Aim of the task:
Using the records below, write out again exactly the lines that begin at the line containing "Pacsun striped cropped blouse" and end at the line containing "6438-520 DC 12V", and no other lines.

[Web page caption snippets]

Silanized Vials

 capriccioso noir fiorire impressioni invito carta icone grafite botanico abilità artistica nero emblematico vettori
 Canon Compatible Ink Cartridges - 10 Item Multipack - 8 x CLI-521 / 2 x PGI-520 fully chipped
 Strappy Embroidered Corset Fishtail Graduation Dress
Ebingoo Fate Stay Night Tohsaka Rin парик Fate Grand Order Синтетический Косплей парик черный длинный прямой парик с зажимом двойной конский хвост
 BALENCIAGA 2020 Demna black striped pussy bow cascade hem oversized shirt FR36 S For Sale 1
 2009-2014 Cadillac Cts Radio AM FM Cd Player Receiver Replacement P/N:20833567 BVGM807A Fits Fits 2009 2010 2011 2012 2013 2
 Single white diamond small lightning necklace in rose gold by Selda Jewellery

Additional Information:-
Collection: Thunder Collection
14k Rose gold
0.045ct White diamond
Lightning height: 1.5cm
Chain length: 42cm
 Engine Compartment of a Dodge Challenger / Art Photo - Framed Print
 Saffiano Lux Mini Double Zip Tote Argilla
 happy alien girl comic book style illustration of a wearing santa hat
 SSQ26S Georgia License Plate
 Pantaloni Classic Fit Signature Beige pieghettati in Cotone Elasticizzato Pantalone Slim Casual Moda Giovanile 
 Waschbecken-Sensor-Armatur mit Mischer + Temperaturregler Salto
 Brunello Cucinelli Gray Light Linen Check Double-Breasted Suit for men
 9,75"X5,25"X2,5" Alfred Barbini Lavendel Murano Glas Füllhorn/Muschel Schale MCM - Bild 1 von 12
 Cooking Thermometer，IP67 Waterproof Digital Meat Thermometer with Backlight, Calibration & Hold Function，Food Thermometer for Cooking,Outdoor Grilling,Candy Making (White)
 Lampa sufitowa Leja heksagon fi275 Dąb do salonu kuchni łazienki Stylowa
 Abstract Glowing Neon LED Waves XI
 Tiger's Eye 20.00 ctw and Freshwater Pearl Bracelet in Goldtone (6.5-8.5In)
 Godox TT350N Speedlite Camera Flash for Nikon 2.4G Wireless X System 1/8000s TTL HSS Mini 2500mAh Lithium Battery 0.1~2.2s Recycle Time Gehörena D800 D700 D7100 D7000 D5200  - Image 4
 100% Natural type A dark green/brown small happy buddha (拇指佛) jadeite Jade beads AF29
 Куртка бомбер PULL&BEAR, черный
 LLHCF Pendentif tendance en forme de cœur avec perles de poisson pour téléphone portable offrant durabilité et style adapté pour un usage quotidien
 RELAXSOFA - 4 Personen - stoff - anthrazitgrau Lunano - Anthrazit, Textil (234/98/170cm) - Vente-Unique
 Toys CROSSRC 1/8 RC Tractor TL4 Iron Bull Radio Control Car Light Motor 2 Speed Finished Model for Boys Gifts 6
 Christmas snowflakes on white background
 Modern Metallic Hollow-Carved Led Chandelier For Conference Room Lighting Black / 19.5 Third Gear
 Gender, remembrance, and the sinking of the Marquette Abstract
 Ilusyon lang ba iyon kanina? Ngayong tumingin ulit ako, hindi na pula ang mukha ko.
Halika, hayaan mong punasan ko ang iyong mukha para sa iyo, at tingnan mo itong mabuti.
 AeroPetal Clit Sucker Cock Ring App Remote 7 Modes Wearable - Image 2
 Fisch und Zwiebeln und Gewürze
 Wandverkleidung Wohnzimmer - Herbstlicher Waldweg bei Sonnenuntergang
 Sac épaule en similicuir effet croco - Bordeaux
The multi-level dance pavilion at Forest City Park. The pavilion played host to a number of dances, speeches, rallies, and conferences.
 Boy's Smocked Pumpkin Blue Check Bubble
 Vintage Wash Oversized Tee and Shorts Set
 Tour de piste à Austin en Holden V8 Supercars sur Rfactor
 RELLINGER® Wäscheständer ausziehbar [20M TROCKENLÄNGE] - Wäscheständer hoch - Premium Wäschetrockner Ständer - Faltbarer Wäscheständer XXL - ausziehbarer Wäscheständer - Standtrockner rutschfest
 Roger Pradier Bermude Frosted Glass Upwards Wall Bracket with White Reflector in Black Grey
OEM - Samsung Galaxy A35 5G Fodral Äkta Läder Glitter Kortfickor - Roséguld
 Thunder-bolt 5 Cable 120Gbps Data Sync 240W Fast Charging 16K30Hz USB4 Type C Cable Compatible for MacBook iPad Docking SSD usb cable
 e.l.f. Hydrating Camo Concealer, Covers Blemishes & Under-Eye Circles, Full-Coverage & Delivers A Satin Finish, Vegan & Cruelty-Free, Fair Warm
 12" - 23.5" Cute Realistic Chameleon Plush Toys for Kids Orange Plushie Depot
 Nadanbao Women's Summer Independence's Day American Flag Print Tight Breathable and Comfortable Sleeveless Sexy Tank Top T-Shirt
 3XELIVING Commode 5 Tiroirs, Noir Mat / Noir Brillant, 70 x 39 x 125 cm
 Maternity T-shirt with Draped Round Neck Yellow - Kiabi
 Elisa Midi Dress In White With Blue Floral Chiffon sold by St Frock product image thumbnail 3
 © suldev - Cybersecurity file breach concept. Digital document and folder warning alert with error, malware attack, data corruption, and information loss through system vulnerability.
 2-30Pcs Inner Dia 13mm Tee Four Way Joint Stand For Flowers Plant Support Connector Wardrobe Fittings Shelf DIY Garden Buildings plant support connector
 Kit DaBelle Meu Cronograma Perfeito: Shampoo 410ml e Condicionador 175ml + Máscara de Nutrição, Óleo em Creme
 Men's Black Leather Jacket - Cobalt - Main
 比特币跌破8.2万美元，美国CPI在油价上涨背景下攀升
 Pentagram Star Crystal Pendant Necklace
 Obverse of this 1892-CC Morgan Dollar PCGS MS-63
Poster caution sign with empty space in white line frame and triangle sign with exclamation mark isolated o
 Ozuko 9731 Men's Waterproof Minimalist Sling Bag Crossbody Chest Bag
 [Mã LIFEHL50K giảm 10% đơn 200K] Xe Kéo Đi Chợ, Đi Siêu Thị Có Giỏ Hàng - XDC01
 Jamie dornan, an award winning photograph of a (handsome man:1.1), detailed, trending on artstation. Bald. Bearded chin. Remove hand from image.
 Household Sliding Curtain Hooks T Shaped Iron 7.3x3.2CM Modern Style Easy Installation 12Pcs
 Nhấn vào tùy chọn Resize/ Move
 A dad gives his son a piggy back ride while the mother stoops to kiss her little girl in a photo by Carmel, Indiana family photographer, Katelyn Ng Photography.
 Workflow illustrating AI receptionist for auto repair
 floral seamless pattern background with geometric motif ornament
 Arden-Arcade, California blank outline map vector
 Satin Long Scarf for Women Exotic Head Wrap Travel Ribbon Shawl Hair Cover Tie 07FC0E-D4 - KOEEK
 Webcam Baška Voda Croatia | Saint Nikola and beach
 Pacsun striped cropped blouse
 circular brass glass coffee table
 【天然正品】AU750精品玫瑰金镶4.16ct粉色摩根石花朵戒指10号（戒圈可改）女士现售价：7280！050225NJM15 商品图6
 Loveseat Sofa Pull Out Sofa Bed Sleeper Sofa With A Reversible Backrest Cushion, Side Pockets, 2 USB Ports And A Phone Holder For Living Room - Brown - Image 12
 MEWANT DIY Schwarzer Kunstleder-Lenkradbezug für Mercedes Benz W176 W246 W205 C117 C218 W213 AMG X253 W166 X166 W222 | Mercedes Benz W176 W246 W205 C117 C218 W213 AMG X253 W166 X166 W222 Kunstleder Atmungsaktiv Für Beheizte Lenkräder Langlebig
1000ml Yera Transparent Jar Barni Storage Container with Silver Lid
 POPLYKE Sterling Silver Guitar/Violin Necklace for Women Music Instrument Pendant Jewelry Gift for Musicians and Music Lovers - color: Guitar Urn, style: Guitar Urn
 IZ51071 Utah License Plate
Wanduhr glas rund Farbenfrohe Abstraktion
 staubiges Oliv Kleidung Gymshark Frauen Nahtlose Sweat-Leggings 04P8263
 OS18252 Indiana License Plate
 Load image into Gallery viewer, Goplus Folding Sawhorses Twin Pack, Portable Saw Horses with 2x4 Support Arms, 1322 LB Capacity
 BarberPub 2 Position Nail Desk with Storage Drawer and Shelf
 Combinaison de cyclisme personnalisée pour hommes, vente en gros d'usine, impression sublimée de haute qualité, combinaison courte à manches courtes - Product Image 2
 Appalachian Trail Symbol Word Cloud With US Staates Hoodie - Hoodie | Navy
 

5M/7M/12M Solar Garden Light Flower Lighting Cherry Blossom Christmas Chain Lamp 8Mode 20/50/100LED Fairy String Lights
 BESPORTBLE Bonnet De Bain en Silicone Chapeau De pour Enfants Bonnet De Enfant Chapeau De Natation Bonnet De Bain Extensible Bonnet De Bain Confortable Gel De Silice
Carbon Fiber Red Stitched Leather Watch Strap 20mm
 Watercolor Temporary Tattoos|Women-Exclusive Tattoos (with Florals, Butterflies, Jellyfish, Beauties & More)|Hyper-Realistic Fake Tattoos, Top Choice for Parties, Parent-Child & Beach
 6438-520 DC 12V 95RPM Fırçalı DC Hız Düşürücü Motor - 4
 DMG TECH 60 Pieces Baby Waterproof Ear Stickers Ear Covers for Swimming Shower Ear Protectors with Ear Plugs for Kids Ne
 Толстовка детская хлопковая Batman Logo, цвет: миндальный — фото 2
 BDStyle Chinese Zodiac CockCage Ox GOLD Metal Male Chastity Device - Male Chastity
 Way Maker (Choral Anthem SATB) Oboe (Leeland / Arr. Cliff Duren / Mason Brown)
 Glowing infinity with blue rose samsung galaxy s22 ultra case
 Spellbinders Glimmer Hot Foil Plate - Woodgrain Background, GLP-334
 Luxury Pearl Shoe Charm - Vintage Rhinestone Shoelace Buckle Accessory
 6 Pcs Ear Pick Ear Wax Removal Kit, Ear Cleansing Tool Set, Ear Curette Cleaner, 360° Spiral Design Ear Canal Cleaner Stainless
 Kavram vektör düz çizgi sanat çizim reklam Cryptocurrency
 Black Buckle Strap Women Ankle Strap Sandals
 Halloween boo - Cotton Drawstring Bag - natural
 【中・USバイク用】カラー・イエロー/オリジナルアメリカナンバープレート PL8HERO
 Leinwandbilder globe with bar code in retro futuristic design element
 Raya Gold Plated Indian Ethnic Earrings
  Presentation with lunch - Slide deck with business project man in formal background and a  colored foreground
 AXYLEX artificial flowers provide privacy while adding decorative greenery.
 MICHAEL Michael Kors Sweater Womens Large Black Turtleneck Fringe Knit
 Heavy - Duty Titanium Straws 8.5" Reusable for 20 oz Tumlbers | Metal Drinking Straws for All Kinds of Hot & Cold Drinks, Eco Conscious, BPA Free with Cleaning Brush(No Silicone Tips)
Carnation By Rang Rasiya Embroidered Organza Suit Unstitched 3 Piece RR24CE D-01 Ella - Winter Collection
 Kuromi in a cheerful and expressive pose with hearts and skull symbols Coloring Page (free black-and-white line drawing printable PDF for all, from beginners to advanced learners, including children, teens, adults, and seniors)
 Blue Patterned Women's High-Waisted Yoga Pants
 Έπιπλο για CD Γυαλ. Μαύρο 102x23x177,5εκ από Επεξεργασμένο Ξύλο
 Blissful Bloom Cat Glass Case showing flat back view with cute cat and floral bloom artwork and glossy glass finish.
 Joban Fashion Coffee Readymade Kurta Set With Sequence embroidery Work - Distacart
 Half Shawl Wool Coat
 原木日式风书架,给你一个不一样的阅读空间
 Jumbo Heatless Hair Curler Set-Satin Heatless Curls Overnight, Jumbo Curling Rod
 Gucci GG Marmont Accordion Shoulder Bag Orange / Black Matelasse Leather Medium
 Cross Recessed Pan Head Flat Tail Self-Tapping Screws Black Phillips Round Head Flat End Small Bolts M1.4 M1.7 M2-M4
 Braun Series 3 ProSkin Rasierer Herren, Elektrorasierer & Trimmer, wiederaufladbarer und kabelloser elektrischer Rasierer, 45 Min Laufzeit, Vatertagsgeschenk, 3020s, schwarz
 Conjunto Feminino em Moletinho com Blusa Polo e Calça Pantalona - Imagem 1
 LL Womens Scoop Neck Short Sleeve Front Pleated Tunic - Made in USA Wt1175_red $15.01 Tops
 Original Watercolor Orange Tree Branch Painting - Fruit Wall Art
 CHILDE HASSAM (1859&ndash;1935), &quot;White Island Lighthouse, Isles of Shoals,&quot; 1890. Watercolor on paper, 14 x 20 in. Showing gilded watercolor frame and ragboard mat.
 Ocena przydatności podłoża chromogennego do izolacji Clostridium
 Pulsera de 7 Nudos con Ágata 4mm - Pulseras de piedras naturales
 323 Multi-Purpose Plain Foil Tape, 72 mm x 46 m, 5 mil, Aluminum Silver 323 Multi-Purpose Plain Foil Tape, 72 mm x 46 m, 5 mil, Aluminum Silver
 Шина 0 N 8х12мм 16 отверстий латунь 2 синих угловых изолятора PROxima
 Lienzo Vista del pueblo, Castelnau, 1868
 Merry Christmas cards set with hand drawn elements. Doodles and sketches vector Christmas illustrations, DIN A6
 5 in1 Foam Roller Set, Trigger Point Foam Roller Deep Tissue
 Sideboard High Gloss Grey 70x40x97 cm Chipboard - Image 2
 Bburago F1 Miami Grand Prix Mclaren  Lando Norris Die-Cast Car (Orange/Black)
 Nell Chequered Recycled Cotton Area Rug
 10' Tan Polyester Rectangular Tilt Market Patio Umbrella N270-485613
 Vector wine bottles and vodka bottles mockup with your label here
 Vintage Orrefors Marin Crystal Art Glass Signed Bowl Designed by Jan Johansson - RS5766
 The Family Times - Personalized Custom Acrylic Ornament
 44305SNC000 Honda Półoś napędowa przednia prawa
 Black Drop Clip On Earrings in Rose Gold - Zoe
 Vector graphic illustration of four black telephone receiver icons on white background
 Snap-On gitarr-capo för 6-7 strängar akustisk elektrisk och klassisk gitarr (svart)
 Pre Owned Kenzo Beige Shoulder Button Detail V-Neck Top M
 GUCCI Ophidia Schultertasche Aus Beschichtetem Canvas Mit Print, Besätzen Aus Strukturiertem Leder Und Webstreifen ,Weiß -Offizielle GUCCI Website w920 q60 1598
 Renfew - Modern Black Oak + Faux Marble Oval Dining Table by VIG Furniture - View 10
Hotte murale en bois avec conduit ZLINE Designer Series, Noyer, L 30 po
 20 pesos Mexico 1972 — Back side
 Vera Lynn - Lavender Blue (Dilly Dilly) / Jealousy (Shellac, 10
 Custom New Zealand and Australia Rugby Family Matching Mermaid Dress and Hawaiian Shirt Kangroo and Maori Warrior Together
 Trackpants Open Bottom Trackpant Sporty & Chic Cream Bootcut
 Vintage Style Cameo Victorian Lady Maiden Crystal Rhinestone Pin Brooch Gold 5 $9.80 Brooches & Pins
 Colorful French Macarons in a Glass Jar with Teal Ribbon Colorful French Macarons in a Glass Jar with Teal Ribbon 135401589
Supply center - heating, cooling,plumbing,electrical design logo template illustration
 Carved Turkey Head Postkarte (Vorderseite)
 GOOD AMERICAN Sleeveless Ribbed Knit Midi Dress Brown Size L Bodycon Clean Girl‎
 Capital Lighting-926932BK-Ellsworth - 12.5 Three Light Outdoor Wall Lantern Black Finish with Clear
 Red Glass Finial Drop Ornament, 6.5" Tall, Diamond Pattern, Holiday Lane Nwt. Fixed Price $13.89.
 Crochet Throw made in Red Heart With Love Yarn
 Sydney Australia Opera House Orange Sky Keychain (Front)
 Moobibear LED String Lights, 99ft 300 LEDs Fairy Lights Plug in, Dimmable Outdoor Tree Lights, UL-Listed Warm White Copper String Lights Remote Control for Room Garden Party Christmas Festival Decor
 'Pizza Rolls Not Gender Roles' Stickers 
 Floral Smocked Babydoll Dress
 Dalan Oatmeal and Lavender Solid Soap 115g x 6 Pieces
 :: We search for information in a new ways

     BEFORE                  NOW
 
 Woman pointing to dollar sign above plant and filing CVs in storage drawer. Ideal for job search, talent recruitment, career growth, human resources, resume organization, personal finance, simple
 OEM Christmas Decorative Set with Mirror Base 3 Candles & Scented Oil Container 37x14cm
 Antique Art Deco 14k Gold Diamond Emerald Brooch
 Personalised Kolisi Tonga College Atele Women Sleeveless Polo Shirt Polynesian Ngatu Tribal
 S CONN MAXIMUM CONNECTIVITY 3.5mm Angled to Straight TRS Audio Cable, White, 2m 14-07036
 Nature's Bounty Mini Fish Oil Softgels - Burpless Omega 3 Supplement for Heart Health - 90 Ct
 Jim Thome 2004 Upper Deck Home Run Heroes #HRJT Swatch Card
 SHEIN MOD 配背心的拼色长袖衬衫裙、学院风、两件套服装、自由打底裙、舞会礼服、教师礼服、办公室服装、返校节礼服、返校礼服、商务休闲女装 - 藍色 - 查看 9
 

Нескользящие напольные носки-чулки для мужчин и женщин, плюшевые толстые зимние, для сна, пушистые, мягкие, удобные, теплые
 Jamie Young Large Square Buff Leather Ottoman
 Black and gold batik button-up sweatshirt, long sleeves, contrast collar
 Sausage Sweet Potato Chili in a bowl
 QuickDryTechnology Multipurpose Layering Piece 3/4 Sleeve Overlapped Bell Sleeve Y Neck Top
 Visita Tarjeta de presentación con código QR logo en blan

Exercise answer:
 Pacsun striped cropped blouse
 circular brass glass coffee table
 【天然正品】AU750精品玫瑰金镶4.16ct粉色摩根石花朵戒指10号（戒圈可改）女士现售价：7280！050225NJM15 商品图6
 Loveseat Sofa Pull Out Sofa Bed Sleeper Sofa With A Reversible Backrest Cushion, Side Pockets, 2 USB Ports And A Phone Holder For Living Room - Brown - Image 12
 MEWANT DIY Schwarzer Kunstleder-Lenkradbezug für Mercedes Benz W176 W246 W205 C117 C218 W213 AMG X253 W166 X166 W222 | Mercedes Benz W176 W246 W205 C117 C218 W213 AMG X253 W166 X166 W222 Kunstleder Atmungsaktiv Für Beheizte Lenkräder Langlebig
1000ml Yera Transparent Jar Barni Storage Container with Silver Lid
 POPLYKE Sterling Silver Guitar/Violin Necklace for Women Music Instrument Pendant Jewelry Gift for Musicians and Music Lovers - color: Guitar Urn, style: Guitar Urn
 IZ51071 Utah License Plate
Wanduhr glas rund Farbenfrohe Abstraktion
 staubiges Oliv Kleidung Gymshark Frauen Nahtlose Sweat-Leggings 04P8263
 OS18252 Indiana License Plate
 Load image into Gallery viewer, Goplus Folding Sawhorses Twin Pack, Portable Saw Horses with 2x4 Support Arms, 1322 LB Capacity
 BarberPub 2 Position Nail Desk with Storage Drawer and Shelf
 Combinaison de cyclisme personnalisée pour hommes, vente en gros d'usine, impression sublimée de haute qualité, combinaison courte à manches courtes - Product Image 2
 Appalachian Trail Symbol Word Cloud With US Staates Hoodie - Hoodie | Navy
 

5M/7M/12M Solar Garden Light Flower Lighting Cherry Blossom Christmas Chain Lamp 8Mode 20/50/100LED Fairy String Lights
 BESPORTBLE Bonnet De Bain en Silicone Chapeau De pour Enfants Bonnet De Enfant Chapeau De Natation Bonnet De Bain Extensible Bonnet De Bain Confortable Gel De Silice
Carbon Fiber Red Stitched Leather Watch Strap 20mm
 Watercolor Temporary Tattoos|Women-Exclusive Tattoos (with Florals, Butterflies, Jellyfish, Beauties & More)|Hyper-Realistic Fake Tattoos, Top Choice for Parties, Parent-Child & Beach
 6438-520 DC 12V 95RPM Fırçalı DC Hız Düşürücü Motor - 4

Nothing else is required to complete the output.